Edwin Seward (1853–1924)[1] was an architect based in Cardiff, Wales.[2]

Biography[edit]

Cardiff Free Library (1882)

Born in Somerset, Seward came to Cardiff aged 16 and studied at the School of Art.[3] He began work as an assistant to architect G. E. Robinson.

Seward was one of the individuals at the centre of Cardiff's young art scene. He was the 21st President of the Cardiff Naturalists' Society (founded 1867) which was a hub of intellectual discussion. He tried unsuccessfully to establish a national institution in Cardiff for Welsh art (the Cambrian Academy of Art eventually set up in Conwy) and was a founding member of the South Wales Art Society in 1888. [3]

By 1875 Seward was a member of the architecture firm James, Seward and Thomas and went on to build some of Cardiff's most notable buildings in the late 19th Century.

Whilst in Cardiff, Seward lived in Lisvane house, a property which he remodeled himself and is now Grade II listed. He later retired to Weymouth, Dorset, where he lived until his death.[4]

Works in Cardiff include[edit]

St David's Hospital, Cardiff

Works elsewhere[edit]

Seward designed the Turner House Gallery (1887/8) in Penarth for businessman James Pyke Thompson. He was the winning architect for the Swansea Harbour Trust Building in Swansea and he worked on the widening of the Wye Bridge in Monmouth.[5]

Notes[edit]

  1. ^ Davies, John; Jenkins, Nigel (2008).
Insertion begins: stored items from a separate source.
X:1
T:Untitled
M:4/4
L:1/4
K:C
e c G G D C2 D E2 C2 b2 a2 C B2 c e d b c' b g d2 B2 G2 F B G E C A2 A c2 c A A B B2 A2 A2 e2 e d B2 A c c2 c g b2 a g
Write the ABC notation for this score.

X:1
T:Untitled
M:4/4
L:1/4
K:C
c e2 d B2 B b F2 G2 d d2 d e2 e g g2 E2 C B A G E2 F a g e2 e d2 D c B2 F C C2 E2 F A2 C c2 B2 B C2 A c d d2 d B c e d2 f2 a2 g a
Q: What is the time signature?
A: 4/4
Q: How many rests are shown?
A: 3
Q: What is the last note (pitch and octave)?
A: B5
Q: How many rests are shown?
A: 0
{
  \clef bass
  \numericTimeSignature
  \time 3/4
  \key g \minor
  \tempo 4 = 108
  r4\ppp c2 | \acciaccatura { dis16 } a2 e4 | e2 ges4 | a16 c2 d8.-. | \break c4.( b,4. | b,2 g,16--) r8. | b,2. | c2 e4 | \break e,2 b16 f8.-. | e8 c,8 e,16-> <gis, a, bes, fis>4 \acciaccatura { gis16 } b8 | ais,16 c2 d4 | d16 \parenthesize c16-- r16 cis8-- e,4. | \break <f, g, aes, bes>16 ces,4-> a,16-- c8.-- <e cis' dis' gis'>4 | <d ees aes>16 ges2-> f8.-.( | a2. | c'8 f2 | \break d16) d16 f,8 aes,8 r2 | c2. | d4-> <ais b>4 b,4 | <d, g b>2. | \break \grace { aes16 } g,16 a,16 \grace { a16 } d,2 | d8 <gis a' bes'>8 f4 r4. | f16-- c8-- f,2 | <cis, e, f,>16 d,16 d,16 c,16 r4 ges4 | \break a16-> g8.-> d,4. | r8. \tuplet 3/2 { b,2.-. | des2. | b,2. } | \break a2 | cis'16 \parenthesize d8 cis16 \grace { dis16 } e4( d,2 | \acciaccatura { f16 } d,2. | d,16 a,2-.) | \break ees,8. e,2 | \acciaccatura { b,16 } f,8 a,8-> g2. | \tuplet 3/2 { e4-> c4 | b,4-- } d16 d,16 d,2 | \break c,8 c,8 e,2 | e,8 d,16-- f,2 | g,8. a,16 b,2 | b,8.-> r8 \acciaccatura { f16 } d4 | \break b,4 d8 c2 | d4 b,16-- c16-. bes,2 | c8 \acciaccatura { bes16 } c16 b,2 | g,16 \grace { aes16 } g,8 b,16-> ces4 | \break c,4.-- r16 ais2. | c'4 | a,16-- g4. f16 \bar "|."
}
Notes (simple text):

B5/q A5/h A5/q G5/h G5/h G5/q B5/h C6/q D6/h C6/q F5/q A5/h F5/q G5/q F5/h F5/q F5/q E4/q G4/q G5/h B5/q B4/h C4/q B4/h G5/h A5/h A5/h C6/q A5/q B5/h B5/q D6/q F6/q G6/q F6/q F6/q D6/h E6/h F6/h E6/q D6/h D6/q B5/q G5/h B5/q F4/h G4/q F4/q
The Welsh Academy Encyclopaedia of Wales. Cardiff: University of Wales Press. p. 811. ISBN 978-0-7083-1953-6. 
  2. ^ Antonia Brodie (ed) Directory of British Architects, 1834–1914: Vol. 2 (L-Z), pg 581, British Architectural Library, Royal Institute of British Architects, 2001
  3. ^ a b Lord, Peter (2000), The Visual Culture of Wales: Imaging the Nation, Cardiff: University of Wales Press, pp. 301–303, ISBN 0-7083-1587-9 
  4. ^ "The Victorian Web". Retrieved 4 November 2017. 
  5. ^ Glamorgan Gwent Archaeological Trust, Historic Landscape Characterisation, Wyesham. Accessed 4 January 2012

External links[edit]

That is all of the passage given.